Eurozone manufacturing PMI revised slightly higher and the January reading is now given at 55.2, versus 55.1 reported initially and up from 54.9 in December. Austria, the Netherlands and Germany are the top performers, while Markit warned that the downturn in Greece is accelerating. The recent imrovement in France meanwhile continued to gather pace, which manes the overall Eurozone recovery is looking more balanced, which is encouraging. Indeed, the French reading is at a 68 month high now. And Markit’s new Future Output index, which focuses on production expectations 12 months ahead signaled that business optimism hit the higehst level since the start of the time series in July 2012. Good news all around then so far, although political risks in particular are brewing and this will underpin Draghi’s decision to leave asset purchases in place for now, although the flag at the low EUR from the US will also put some pressure on Draghi, which has kept the currency down with his very accommodative policy.
UK manufacturing PMIs were in line with expectations at 55.9. Markit the producers of the data quote “The UK manufacturing sector made a strong start to 2017. Output rose at the fastest rate since May 2014, as new order intakes expanded at a robust pace.
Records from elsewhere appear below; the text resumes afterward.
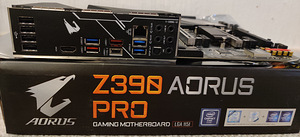 Z390 Aorus Pro (1 фото из 5)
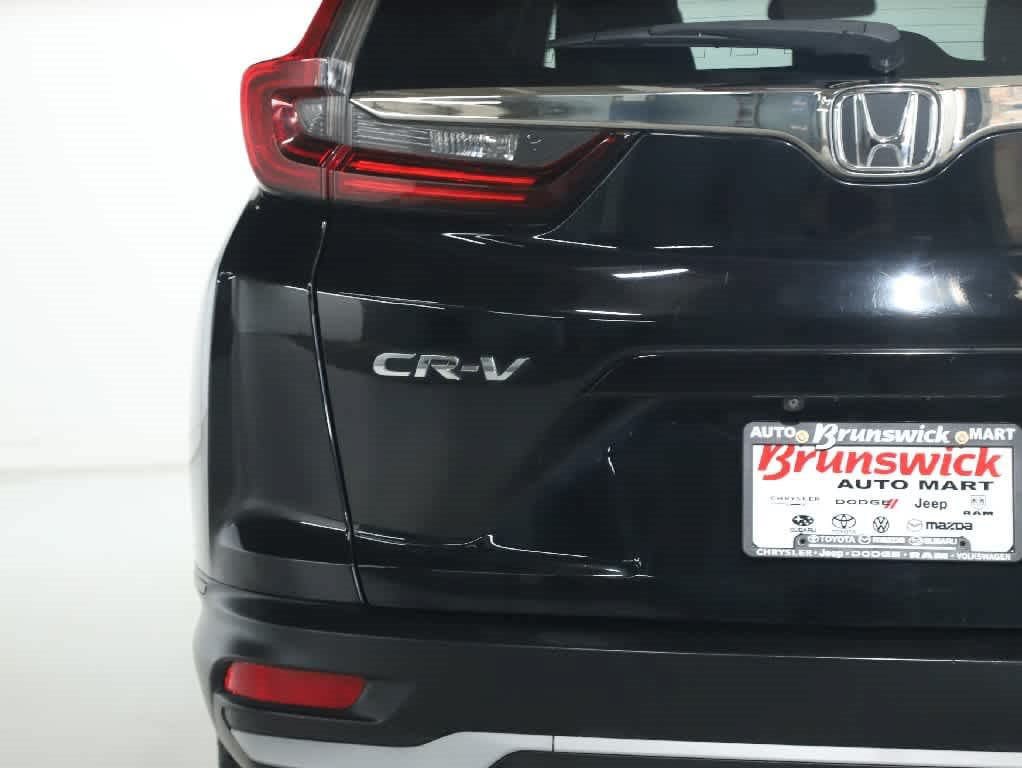 Used 2020 Honda CR-V EX image 41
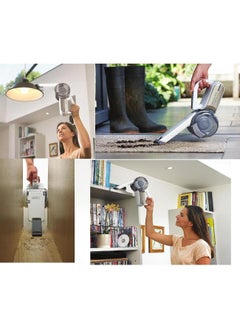 BLACK&DECKER Black & Decker 14.4V Lithium-Ion Pivot Dustbuster/Cyclonic Hand Vacuum Cleaner,  - Image 4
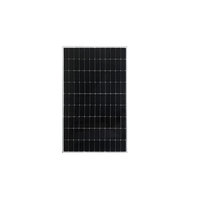 Panneaux solaires photovoltaïques bifaciaux tout noirs 580W 600W 550W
Price pressures intensified, however, as input cost inflation surged to a survey record high and output charges also increased at one of the steepest rates in the series history.” The rise in input costs is an inevitable consequence of weak sterling.
EURGBP broke a key support level on the 1 and 4 hour charts at 0.8565 and further weakness could be expected if the pair remain below this important area, overnight resistance is at 0.8591.